Its success has spurred all ends of the market. DryBar, for example, sells a blow dry brush with interchangeable brush heads, while Walmart sells a $45 device made by Elecsop that looks strikingly similar to the AirWrap.

But the real showdown is between Dyson and SharkNinja. The latter’s device offers a similar breadth of styling options, from a brand also known for its air-powered technology. (Shark also made tweaks to its model, in its view, to improve upon its competitors, adding a horizontal bend to its product to allow for more powerful blow drying, and a diffuser attachment for curly or coily hair.)

Videos comparing the two have become commonplace on Instagram Reels and TikTok, with one side of the head curled with the AirWrap, the other with the FlexStyle.

“We don’t consider ourselves a vacuum company, we consider ourselves an innovation company and a home appliance company,” said Danielle Lessing, the SVP for global product development at SharkNinja. “We don’t think of ourselves through a product lens, It’s about making consumers’ lives better with products that you interact with every day.”

Beyond Multi-Stylers

The AirWrap — and products like it — may be the hottest thing in hair tools today, but its reign can’t last forever. It’s benefitting from the fact that voluminous, softly curled locks are in style at the moment, for one. As well, there’s only so many people willing to shell out $600 for a hair tool, and it’s not an item that a person needs multiple of.

What will last, however, are the changed expectations consumers have for their hair devices. Being multi-purpose and non-damaging is table stakes for the next generation of tools, but already, brands are looking for ways to expand on that premise.

Other brands are responding accordingly. GHD, a 22-year-old hair care and tools brand, known for its blow dryers and straighteners, released its Duet Style product in January, a flat-iron that simultaneously dries hair, promising no damage.

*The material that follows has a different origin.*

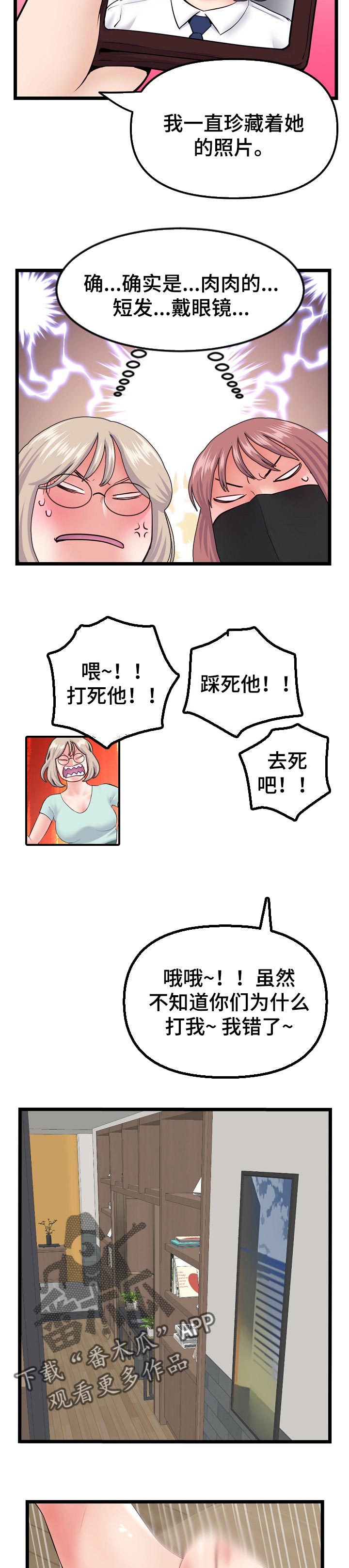 《深夜网吧》漫画最新章节第96章：第一轮胜利免费下拉式在线观看章节第【3】张图片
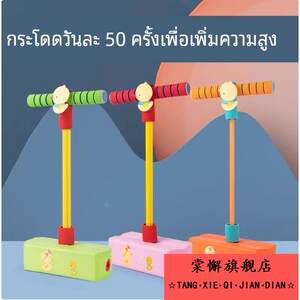 Children's jump rod frog balancing induction training equipment jumping long student children jumping ball bomber jumper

“We are very conscious that we have to take a pain point out of the equation, which is time,” Jeroen Temmerman, chief executive of GHD. “We are developing ourselves to tackle that, be more efficient and help drive solutions.”

Some brands are selling more specialised products, but promising superior performance. Bio Ionic launched its Smart-X High Efficiency Dryer, for example, last fall, which it claims provides much speedier drying times in addition to better use of energy.

However, with more innovation comes more opportunity for brands to drive revenue. Hair tools were already a compelling segment for hair care brands — you can charge a lot more for a blow dryer or straightener than a bottle of shampoo. Dyson’s sky-high cost has helped warm up beauty consumers to the idea of spending hundreds of dollars on a hair tool. GHD’s Duet Style, for example, costs $399, while DryBar’s interchangeable blow dryer, which launched in March 2022, is $350.

Having new players in the hair tools segment, too, brings in fresh perspectives.

As more companies both in and out of beauty take note of the power of hair tools in generating conversation around a brand in addition to driving sales, there’s likely only to be more to come.

“We haven’t been in the space long enough to recognise what’s not possible,” added Lessing. “We just charged forward at such a voracious pace.”